Provided data
┌────────

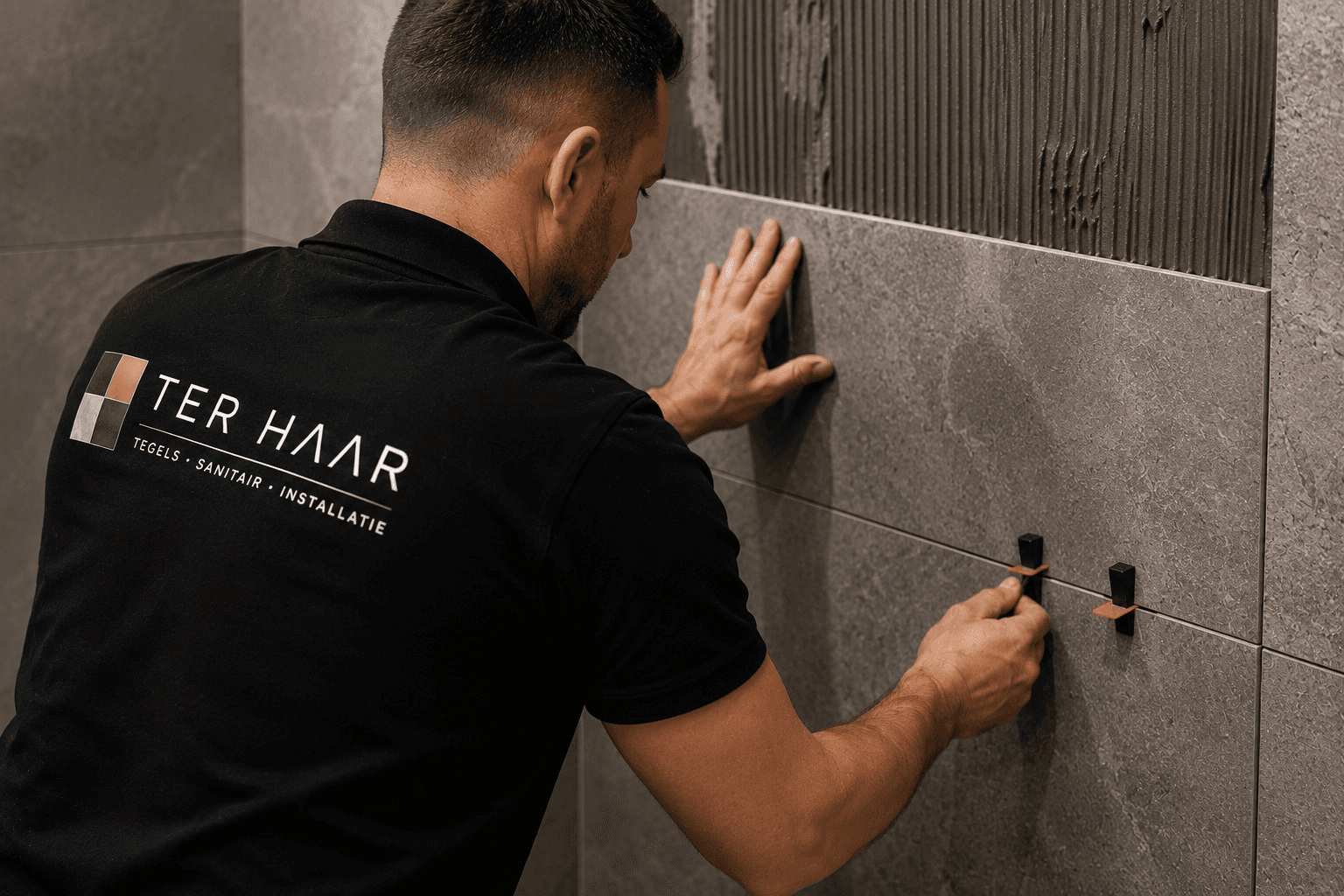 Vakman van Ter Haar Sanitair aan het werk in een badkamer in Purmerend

└────────
┌────────

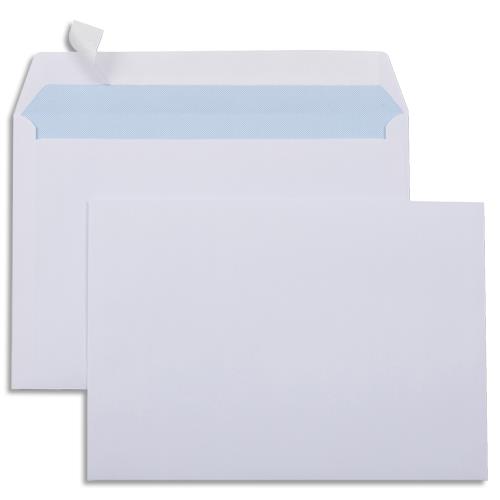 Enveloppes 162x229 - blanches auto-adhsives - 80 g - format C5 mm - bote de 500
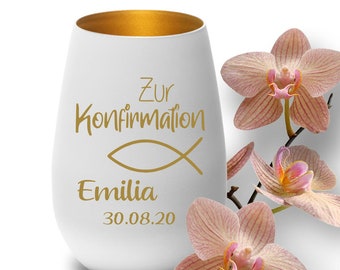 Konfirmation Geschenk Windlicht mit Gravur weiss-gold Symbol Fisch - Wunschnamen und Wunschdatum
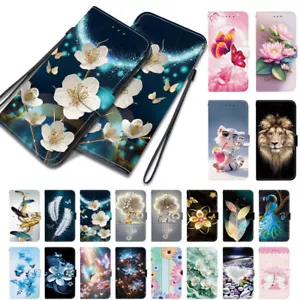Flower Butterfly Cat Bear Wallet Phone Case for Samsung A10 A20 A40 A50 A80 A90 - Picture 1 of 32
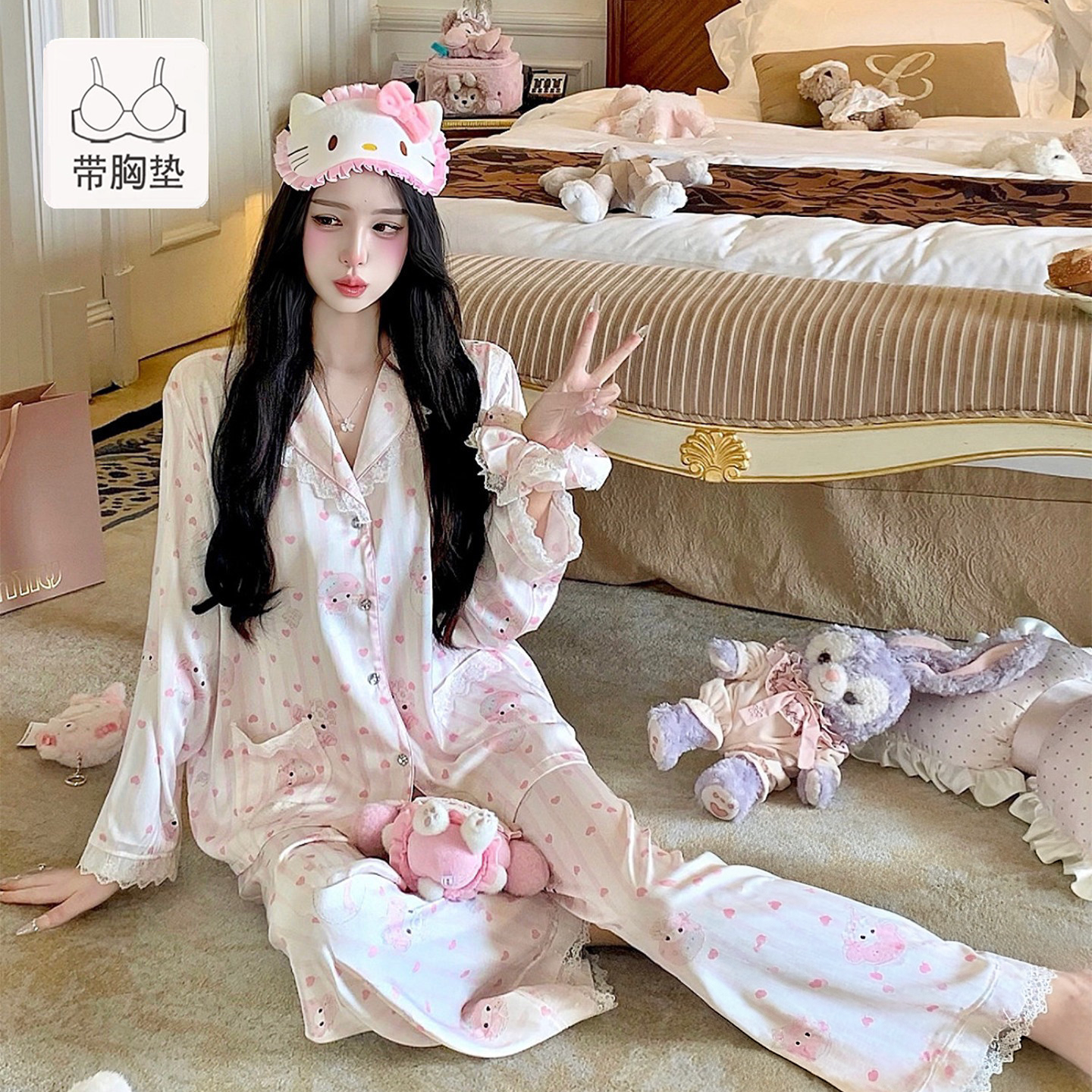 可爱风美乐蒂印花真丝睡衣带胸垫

└────────

What to do
Return the material from the line containing "Flower Butterfly Cat" through the line containing "可爱风美乐蒂印花真丝睡衣带胸垫", exactly and in full, but without its pictures.

Completed task
Flower Butterfly Cat Bear Wallet Phone Case for Samsung A10 A20 A40 A50 A80 A90 - Picture 1 of 32
 可爱风美乐蒂印花真丝睡衣带胸垫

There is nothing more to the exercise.